When new healthcare students look at me quizzically, as I recommend “pulmonary toilet measures” in the care of a patient, I am sure their look also connotes a tinge of, “What is this dinosaur of a doctor saying?” When we speak of old fashioned ‘pulmonary toileting’, we refer to the various ways in which a patient, often with the assistance of a respiratory therapist, cleans out their lungs, whether it be with increased physical activity, medications and bedside tools to break up mucus, or tipping a patient head down and beating them gently on the back. After some combination of these methods, the lungs are better cleared and cleaned of thick mucus and cellular debris. These methods have been known for decades as tools for assisting patients in the natural function of their lungs, especially when the lungs are compromised by respiratory infections.

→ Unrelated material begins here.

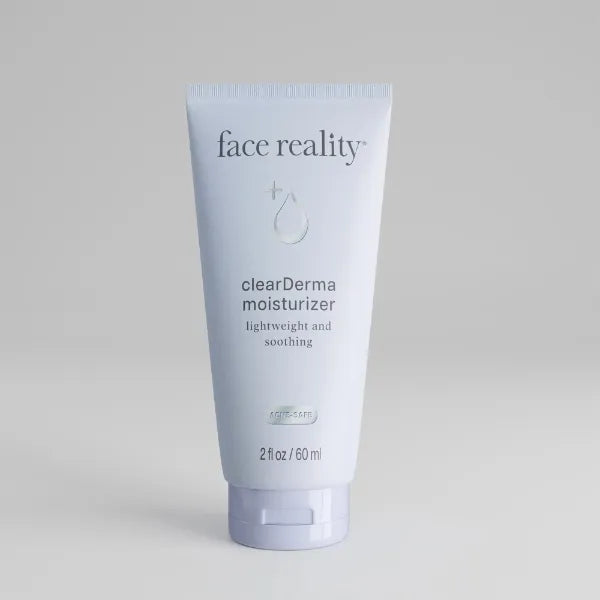 Bohemia Skin Clearderma Moisturizer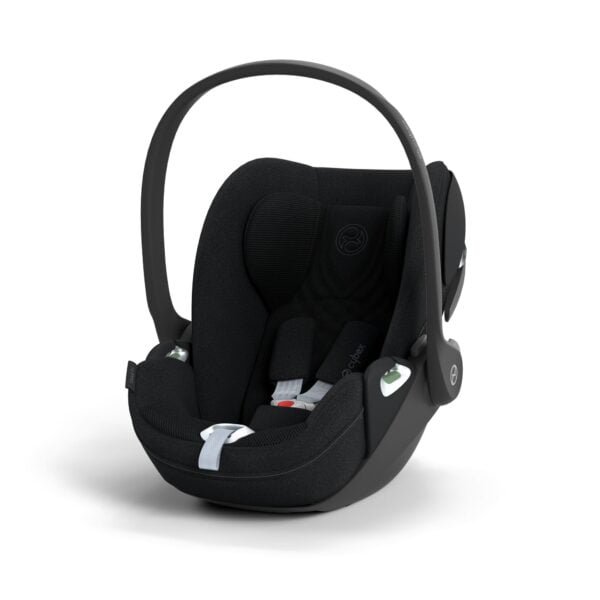 Cybex Cloud T i-Size - Görsel 8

In the area of sleep medicine, we have yet to answer the fundamental question as to the purpose of sleep. We know that animals universally undertake this activity, despite sleep’s inherent dangers in the dog-eat-dog animal kingdom. It’s no surprise that giraffes evolved to sleep 30 minutes a day (and do not lie down for more than 5 minutes!), whereas tigers sleep for 18 hours a day. Given its universality, then, sleep must be important. Some theories include the energy conservation theory, which is supported by a decreased caloric consumption that occurs during sleep. A second theory is that sleep serves a restorative function. For example, nocturnal growth hormone secretion may facilitate cell regeneration and muscle growth. More recently, researchers have described the metabolic clearance of toxic waste that occurs during sleep, or a form of “brain toileting,” to be concise. In animal models of sleep, there is a demonstrable increase in the volume of the fluid outside of and in between brain cells (Xie et al, Science, 2013 October; 342 (6156): 373-7), and in the clearance of beta-amyloid, one of the proteins found in abundance in brains of patients with Alzheimer’s disease. Dr. Maiken Nedergaard of the University of Rochester refers to a “glymphatic system,” much like the body’s lymphatic system, whereby the brain’s glial cells drive the exit of brain’s cellular byproducts into the cerebrospinal fluid for removal, and discovered that this system is the most active during sleep (see “Goodnight. Sleep Clean.” by M. Konnikova, NY Times, Jan. 10, 2014). Conversely, in sleep deprived animals, the clearance of brain toxins is significantly reduced. Although the corollary research in humans remains pending, the implications are many. As a whole, we sleep fewer hours per night than we did generations before, and sleep deprivation is steadily increasing. For instance in 2013, 40% of Gallup respondents said they slept 6 hours or less per night, whereas only 11% responded the same in 1942 (http://www.gallup.com/poll/166553/less-recommended-amount-sleep.aspx). Insomnia and insufficient sleep, from myriad causes, are prevalent in modern society, potentially increasing our risk of, or accelerating, neurocognitive decline.
Whether knowledge of the health risks of sleep deprivation and the health benefits of a good night’s sleep on a regular basis is enough to spur us to change our or our patients’ behavior is questionable. The inevitable alternative is that we will develop medications that enhance the glymphatic system despite sleep loss, or optimize its function during its quiescent state, i.e. while we are awake. At the very least, honing in on the purpose of sleep will help us educate our patients and provide additional ammunition to encourage lifestyle changes that enhance the opportunity to sleep. Until we learn to turn our lights off and take our brains to the loo, that may be the best we can do.